Improving the AST dump format

chrisbia · March 26, 2025, 12:06am

I meant going before the dump code in the compiler and working with the source code information in memory from within the compiler as opposed to getting the compiler to take that information, serialize it, and then us deserialize it in a custom program; or perhaps serializing it from the dump command in a custom, more intutive format.

jrose · March 26, 2025, 1:33am

Everyone else is already being helpful but I’m amused enough by being able to answer “does your position here stand” with “well, yes, but I’m no longer standing at it because I left Apple” that I’ll reply as well. My useful contribution is that it would be reasonable for the AST in the compiler to be the most reliable source of information about the source code, but in practice it is not that; it is the most reliable source of information the compiler needs from the source code.
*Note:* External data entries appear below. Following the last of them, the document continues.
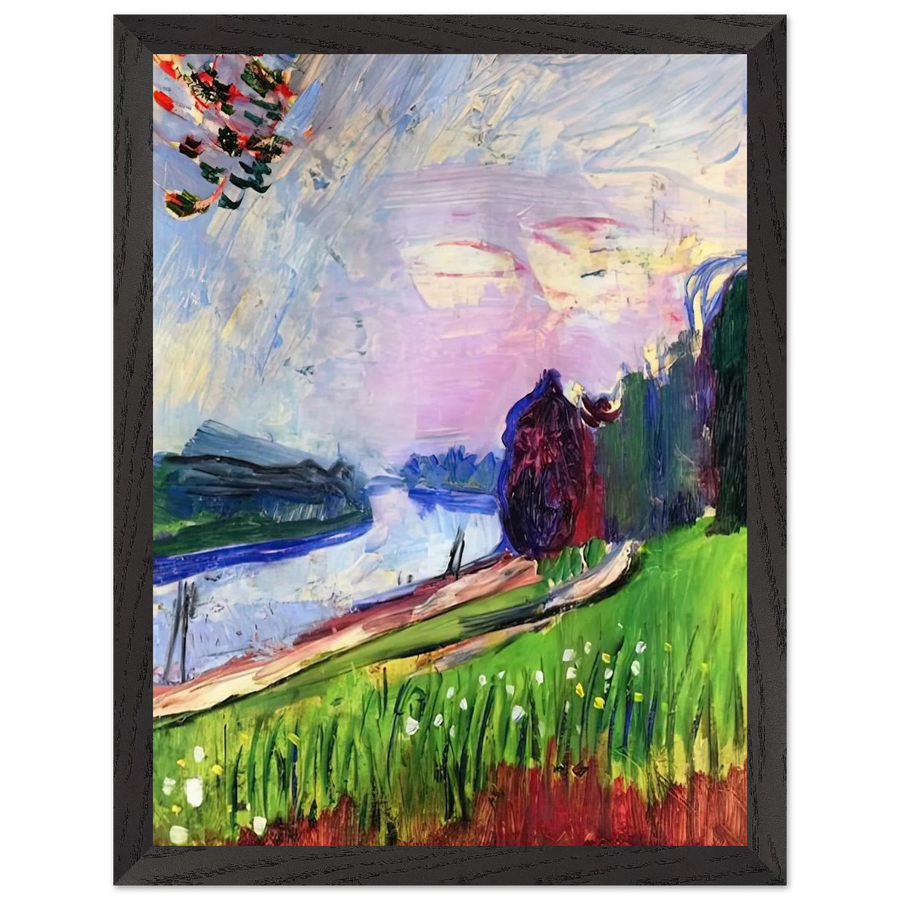 COPSE OF THE BANKS OF THE GARONNE 1900 by Henri Matisse — Framed art print at Zephyeer
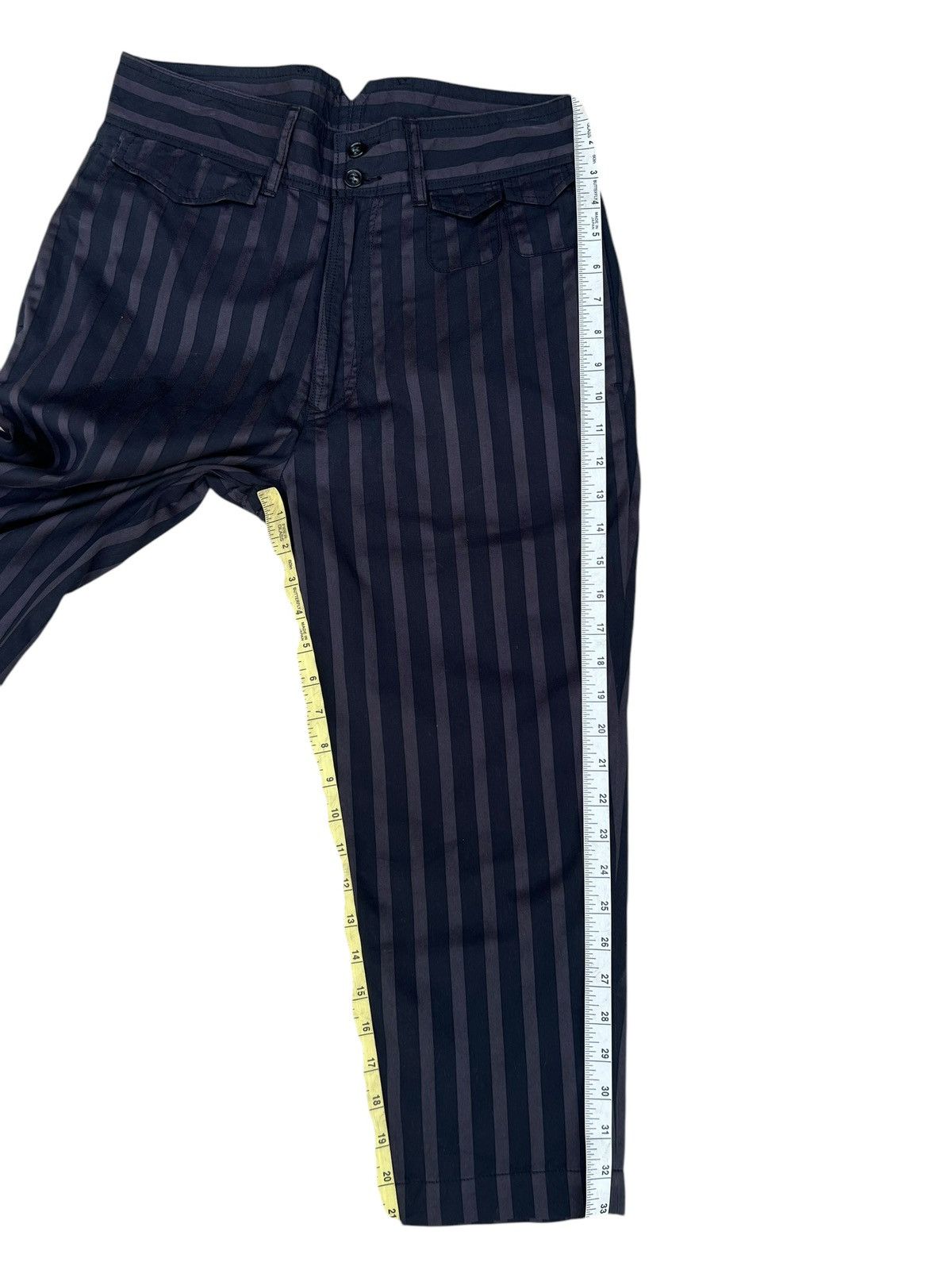 Bed j.w. Ford MOTEL By Keisuke Kohsaka Vertical Striped Cropped Pant Size US 31 - 4 Thumbnail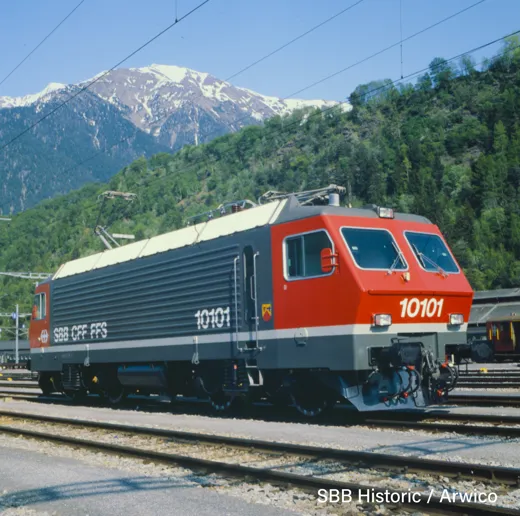 SBB E-Lok Re 4/4 IV (10101), Ep.IV
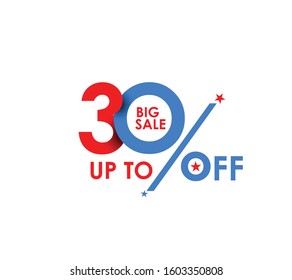 30% big sale upto off discount design.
The implementation is used by both the compiler and SourceKit and so it’s going to be fairly complete, but it might not be stored in one place, or only computed lazily, or reused between phases of the compiler with different semantics, or with important details “missing” because they would increase memory usage or slow down compilation if the user hasn’t specifically asked for them, or even just not broken out because they’re not important for what the compiler needs. They’re not meant for consumption elsewhere.

(Years ago we got someone complaining that what we have is more of a concrete syntax tree than an “abstract” one, and, well, they’re probably right. That’s what happens when a fuzzy name sticks early on in development and an academic concept gets used as shorthand.)

I realize this doesn’t help you and probably won’t dissuade you from whatever you’re trying to accomplish. I’ll defer to everyone else for that.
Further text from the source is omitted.